Kocia Arka Noego ma już 50 lat. De Poezenboot to najbardziej urocza atrakcja w Amsterdamie

Amsterdamska barka jest schronieniem dla dziesiątek kotów już od dziesiątek lat. fotolia.com/ fot.Dmitry/ royalty free
Historia kociej łodzi
Mimo posiadania całkiem sporych rozmiarów domu z czasem pani Weelde i kotom zaczęło robić się w nim ciasno. A przybłędów, znajd i porzuconych kociaków wcale nie ubywało… Potrzebne było kolejne miejsce, w którym mogłyby się schronić i zostać otoczone odpowiednią opieką i miłością. Podczas jednego ze spacerów wzdłuż malowniczych amsterdamskich kanałów kocia dama wpadła na genialny pomysł zakupu barki mieszkalnej i przetransformowania jej w schronisko dla futrzastych przyjaciół. Jak pomyślała, tak zrobiła i w 1968 nastąpiło otwarcie pierwszej łodzi zacumowanej u brzegu kanału Singel o nazwie de Tjalk.
Arka dla futrzaków
Ale to nie wszystko. Pani Weelde przecież nie dałaby sobie rady z tym wszystkim sama. Już w latach 60. pojawili się pierwsi ochotnicy – pomagali przy opiece nad kotami i robią to do teraz. Utrzymanie Arki zależne jest wyłącznie od datków, które otrzymuje od różnych fundacji i osób prywatnych, chcących wesprzeć tę piękną, długoletnią inicjatywę.

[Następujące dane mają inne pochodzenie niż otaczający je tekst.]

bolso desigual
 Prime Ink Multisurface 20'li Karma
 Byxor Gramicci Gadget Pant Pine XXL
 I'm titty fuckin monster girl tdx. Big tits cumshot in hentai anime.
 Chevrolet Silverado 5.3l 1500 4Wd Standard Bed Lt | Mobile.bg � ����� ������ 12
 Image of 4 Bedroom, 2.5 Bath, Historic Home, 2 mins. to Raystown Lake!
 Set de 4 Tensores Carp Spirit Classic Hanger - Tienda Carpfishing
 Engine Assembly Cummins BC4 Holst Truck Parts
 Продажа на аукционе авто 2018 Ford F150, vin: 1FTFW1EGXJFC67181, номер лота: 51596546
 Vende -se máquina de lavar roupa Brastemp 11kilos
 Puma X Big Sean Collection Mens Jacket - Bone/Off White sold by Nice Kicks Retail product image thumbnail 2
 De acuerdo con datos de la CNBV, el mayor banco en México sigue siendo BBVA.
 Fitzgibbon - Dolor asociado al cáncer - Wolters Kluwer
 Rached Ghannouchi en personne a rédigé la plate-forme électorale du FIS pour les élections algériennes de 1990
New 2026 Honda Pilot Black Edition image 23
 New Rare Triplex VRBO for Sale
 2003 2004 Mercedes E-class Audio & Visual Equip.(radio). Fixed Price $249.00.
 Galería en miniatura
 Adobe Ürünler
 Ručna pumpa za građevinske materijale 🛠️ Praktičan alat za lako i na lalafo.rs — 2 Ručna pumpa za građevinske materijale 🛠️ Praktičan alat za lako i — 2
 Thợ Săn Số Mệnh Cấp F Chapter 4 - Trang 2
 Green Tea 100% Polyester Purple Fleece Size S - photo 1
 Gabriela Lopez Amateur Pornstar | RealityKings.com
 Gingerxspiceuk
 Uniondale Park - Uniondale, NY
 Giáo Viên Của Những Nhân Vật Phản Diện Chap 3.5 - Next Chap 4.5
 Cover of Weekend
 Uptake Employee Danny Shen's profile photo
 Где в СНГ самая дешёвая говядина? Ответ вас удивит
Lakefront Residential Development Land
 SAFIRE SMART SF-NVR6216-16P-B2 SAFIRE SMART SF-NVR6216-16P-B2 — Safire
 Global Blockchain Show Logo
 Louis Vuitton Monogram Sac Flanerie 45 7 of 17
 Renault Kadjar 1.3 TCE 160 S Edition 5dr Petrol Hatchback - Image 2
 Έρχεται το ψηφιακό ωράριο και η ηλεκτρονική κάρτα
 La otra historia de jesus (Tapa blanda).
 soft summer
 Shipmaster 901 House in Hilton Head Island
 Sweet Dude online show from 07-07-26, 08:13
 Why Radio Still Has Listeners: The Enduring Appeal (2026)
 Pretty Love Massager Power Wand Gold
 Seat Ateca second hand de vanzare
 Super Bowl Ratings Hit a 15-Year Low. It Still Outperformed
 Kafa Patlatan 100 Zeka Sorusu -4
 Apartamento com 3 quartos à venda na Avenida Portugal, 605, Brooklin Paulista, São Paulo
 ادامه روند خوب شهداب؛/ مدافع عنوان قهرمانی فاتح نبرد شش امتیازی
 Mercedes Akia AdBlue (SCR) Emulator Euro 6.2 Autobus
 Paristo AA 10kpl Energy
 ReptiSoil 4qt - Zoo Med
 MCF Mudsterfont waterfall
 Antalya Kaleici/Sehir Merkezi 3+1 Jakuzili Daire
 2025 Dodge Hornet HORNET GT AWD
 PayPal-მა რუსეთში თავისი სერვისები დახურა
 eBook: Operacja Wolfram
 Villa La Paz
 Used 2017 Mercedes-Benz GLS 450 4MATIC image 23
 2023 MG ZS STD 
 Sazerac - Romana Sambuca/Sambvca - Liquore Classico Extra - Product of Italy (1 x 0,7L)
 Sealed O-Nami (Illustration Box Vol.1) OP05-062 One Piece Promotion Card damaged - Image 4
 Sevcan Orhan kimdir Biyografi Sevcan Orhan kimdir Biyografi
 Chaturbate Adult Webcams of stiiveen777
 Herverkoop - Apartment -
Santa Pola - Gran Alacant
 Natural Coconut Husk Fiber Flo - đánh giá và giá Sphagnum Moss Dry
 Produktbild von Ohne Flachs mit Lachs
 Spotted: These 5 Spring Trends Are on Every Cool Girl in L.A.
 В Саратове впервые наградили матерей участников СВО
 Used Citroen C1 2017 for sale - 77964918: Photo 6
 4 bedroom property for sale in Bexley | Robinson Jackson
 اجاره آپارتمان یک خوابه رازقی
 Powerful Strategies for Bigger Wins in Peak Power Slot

Turystyczna atrakcja Amsterdamu
Obecnie na De Poezenboot rezyduje 50 mruczących mieszkańców. 14 na stałe, reszta przybywa tam na chwilę – otrzymują odpowiednią opiekę lekarską, zostają poddane kwarantannie, uczą się życia z ludźmi i innymi kotami, a potem są one oddawane do adopcji. Kocia arka to magnes na miłośników tych zwierząt i większość z nich nie musi czekać długo, aby znaleźć nowy, kochający dom.
Barkę odwiedzić może każdy. Jest ona dostępna codziennie (oprócz śród i niedziel) w godzinach od 13:00 do 15:00. Wstęp na Arkę jest bezpłatny, ale bardzo mile widziane są datki, dzięki którym kocie miseczki nigdy nie będą puste. Czasem zdarzają się kolejki, jednak czekanie zostanie nagrodzone możliwością podrapania za uchem uroczych rezydentów.